What the exercise asks: In the records below, reproduce exactly the lines from the one containing "Memphis Tigers Adult" through the one containing "Dog with Christmas", both included, and omit the pictures.

Exercise inputs:
»»

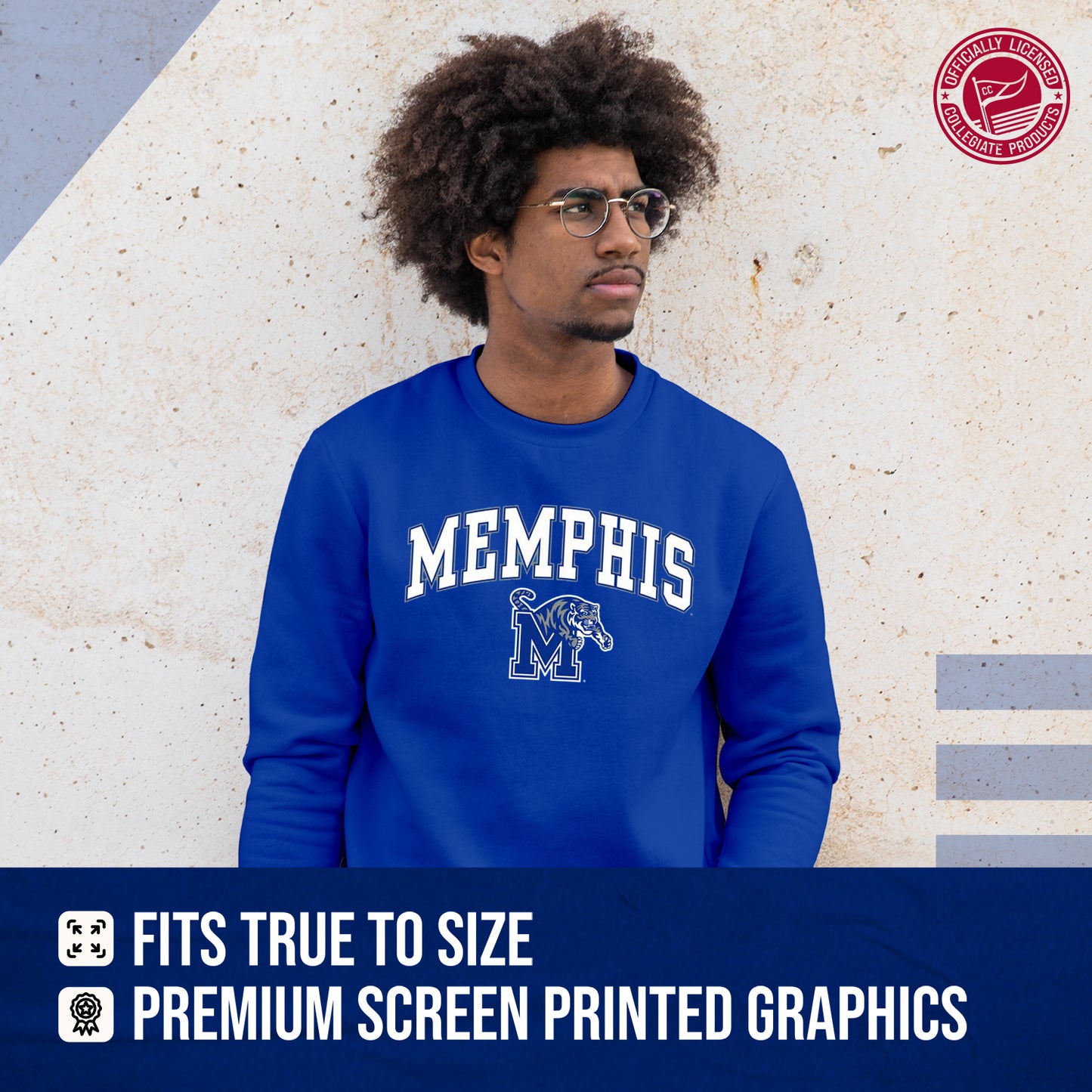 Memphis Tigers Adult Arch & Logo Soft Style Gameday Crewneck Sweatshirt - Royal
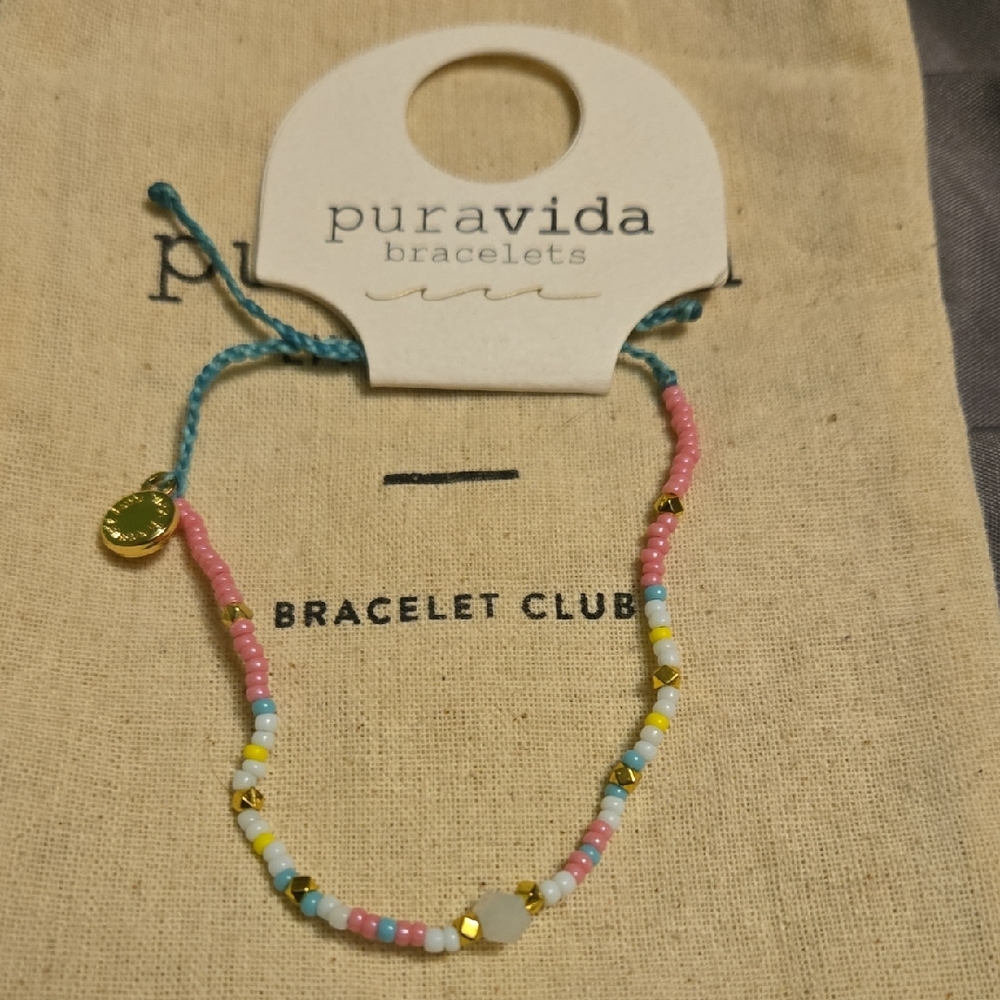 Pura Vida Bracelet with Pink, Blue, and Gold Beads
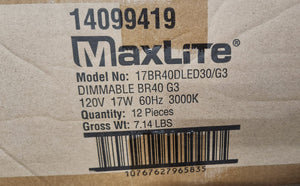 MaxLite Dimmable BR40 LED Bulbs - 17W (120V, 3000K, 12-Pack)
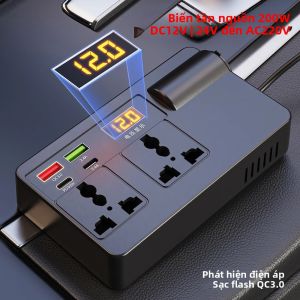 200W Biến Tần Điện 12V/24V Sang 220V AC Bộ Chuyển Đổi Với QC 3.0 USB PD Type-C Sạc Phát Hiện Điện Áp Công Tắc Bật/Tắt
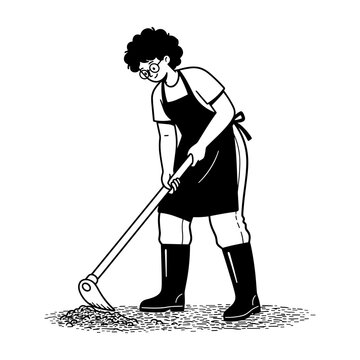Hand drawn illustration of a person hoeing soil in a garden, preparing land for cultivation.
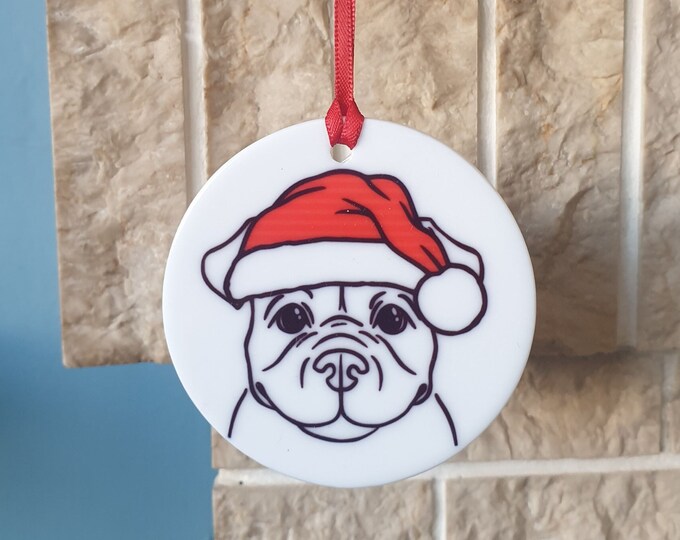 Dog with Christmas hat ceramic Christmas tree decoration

««
»»

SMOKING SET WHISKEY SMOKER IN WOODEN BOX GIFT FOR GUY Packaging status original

««
»»

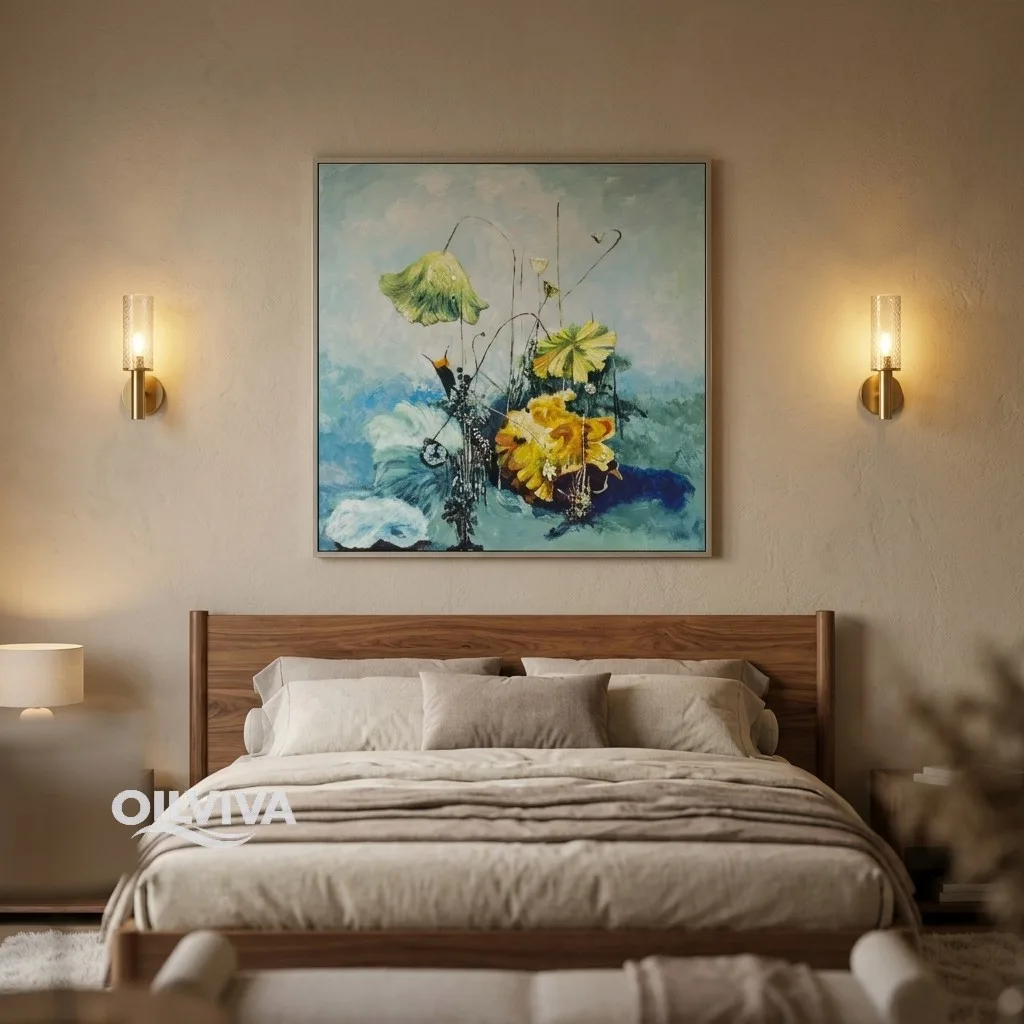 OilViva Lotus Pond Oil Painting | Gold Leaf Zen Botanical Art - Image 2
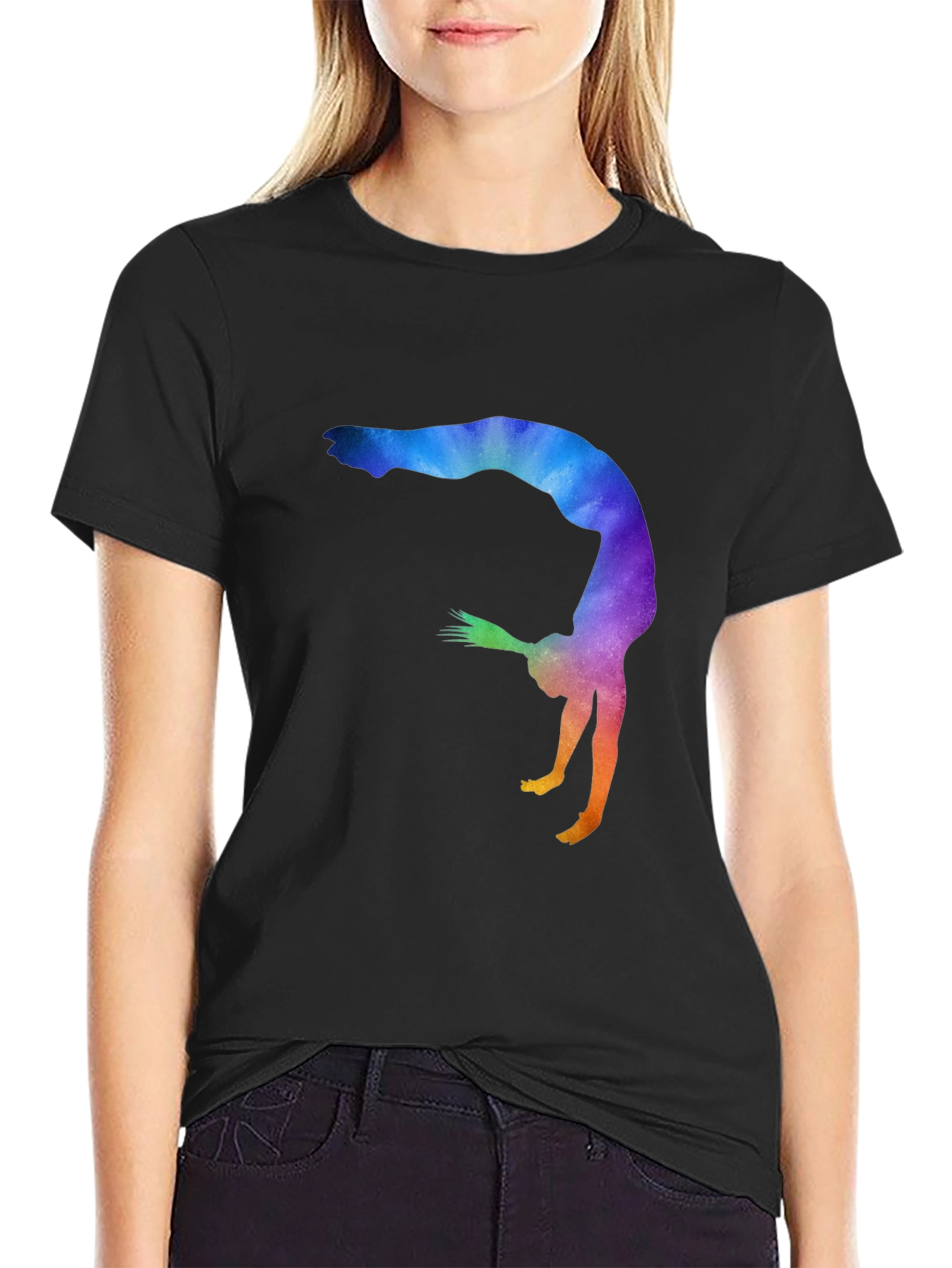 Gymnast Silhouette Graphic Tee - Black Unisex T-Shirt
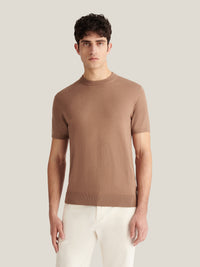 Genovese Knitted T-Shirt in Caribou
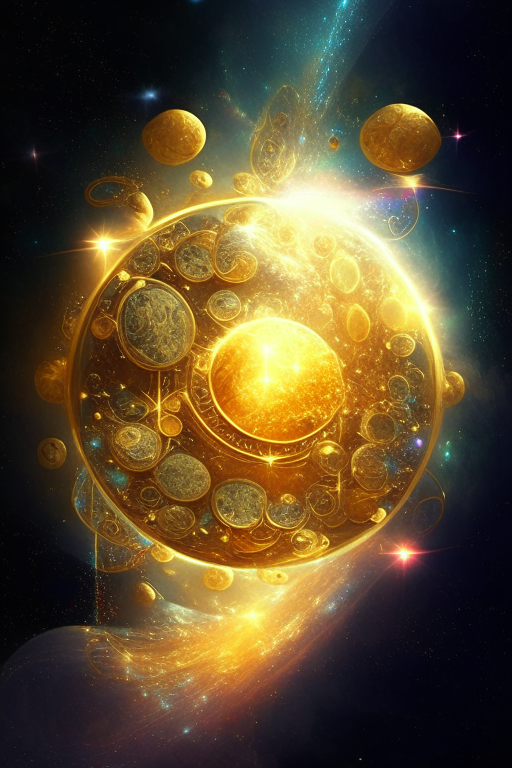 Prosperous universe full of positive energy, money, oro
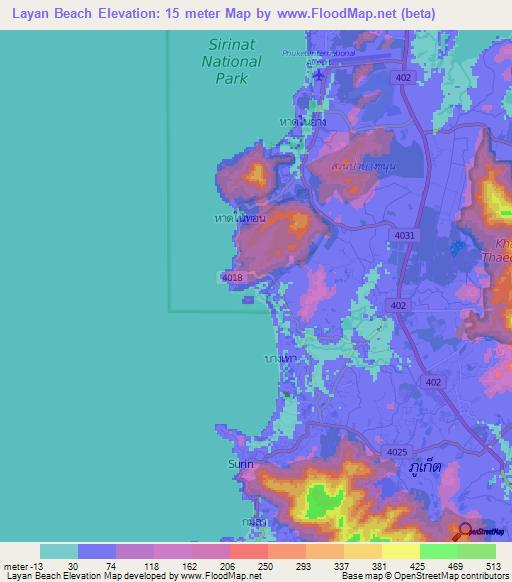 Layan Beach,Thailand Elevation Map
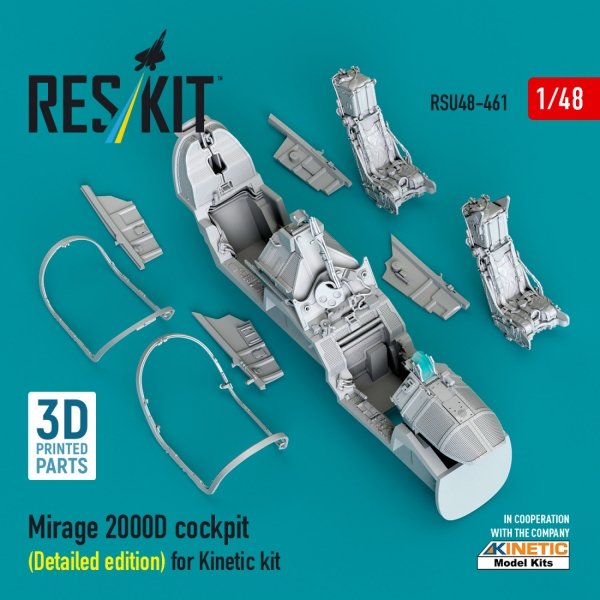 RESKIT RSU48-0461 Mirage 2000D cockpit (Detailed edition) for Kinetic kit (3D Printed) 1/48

««

Output for this task:
 Memphis Tigers Adult Arch & Logo Soft Style Gameday Crewneck Sweatshirt - Royal
 Pura Vida Bracelet with Pink, Blue, and Gold Beads
 MaxLite Dimmable BR40 LED Bulbs - 17W (120V, 3000K, 12-Pack)
 200W Biến Tần Điện 12V/24V Sang 220V AC Bộ Chuyển Đổi Với QC 3.0 USB PD Type-C Sạc Phát Hiện Điện Áp Công Tắc Bật/Tắt
Hand drawn illustration of a person hoeing soil in a garden, preparing land for cultivation.
 Dog with Christmas hat ceramic Christmas tree decoration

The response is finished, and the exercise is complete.